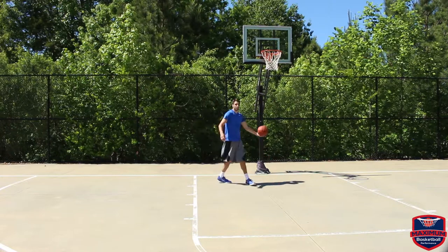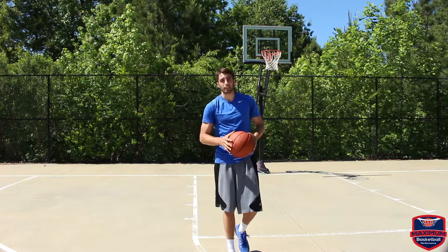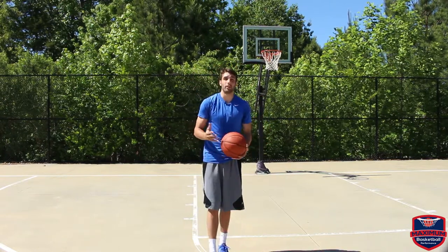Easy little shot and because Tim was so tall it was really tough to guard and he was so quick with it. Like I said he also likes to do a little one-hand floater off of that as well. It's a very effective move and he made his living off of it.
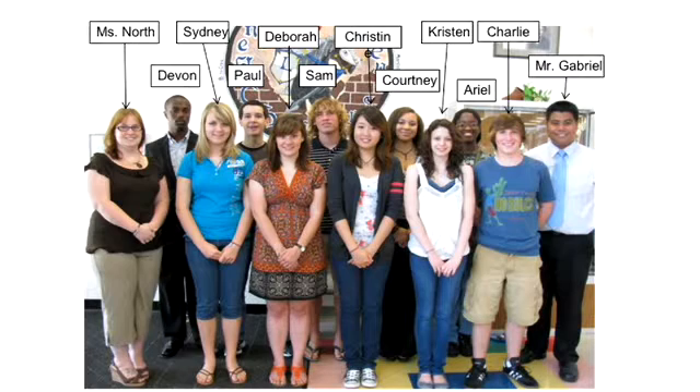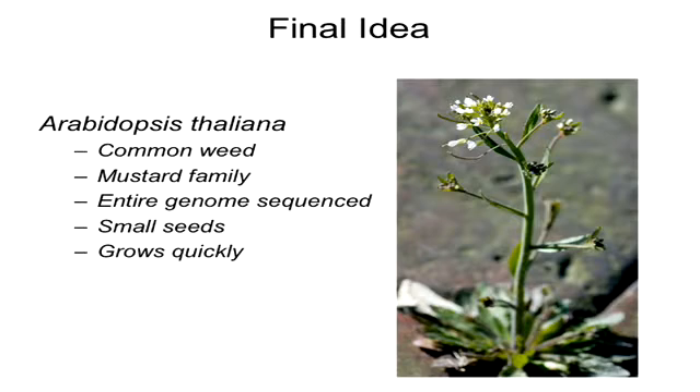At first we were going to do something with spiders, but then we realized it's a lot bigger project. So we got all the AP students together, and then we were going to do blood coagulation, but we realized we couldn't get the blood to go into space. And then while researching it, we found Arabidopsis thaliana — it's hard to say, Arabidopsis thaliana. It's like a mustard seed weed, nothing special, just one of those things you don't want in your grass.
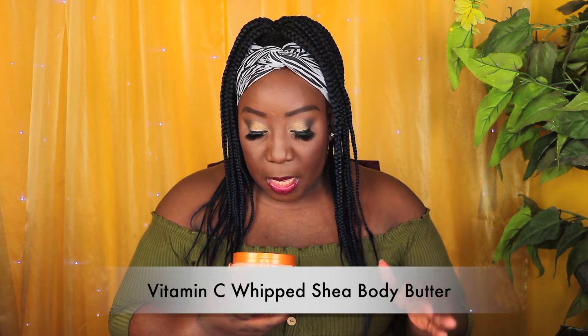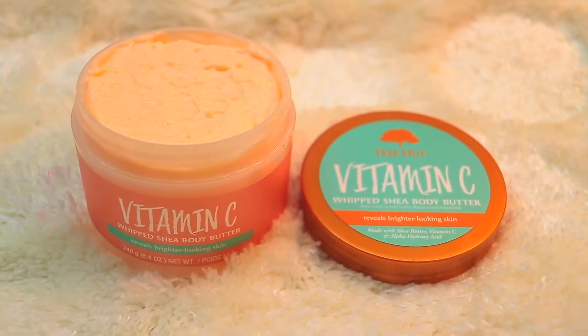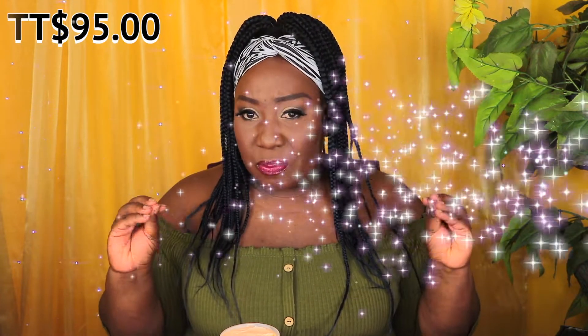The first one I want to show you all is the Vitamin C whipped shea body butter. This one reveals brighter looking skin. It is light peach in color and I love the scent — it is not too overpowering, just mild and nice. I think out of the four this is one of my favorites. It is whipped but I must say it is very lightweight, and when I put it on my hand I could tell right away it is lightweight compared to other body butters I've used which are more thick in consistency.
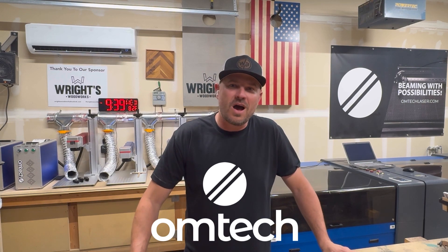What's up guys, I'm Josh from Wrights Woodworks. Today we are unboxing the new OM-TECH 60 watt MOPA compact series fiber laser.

──────────

> The task: Return the listing above in full and unaltered. Keep the pictures out.

> Output for this exercise:
Easy little shot and because Tim was so tall it was really tough to guard and he was so quick with it. Like I said he also likes to do a little one-hand floater off of that as well. It's a very effective move and he made his living off of it.
At first we were going to do something with spiders, but then we realized it's a lot bigger project. So we got all the AP students together, and then we were going to do blood coagulation, but we realized we couldn't get the blood to go into space. And then while researching it, we found Arabidopsis thaliana — it's hard to say, Arabidopsis thaliana. It's like a mustard seed weed, nothing special, just one of those things you don't want in your grass.
The first one I want to show you all is the Vitamin C whipped shea body butter. This one reveals brighter looking skin. It is light peach in color and I love the scent — it is not too overpowering, just mild and nice. I think out of the four this is one of my favorites. It is whipped but I must say it is very lightweight, and when I put it on my hand I could tell right away it is lightweight compared to other body butters I've used which are more thick in consistency.
What's up guys, I'm Josh from Wrights Woodworks. Today we are unboxing the new OM-TECH 60 watt MOPA compact series fiber laser.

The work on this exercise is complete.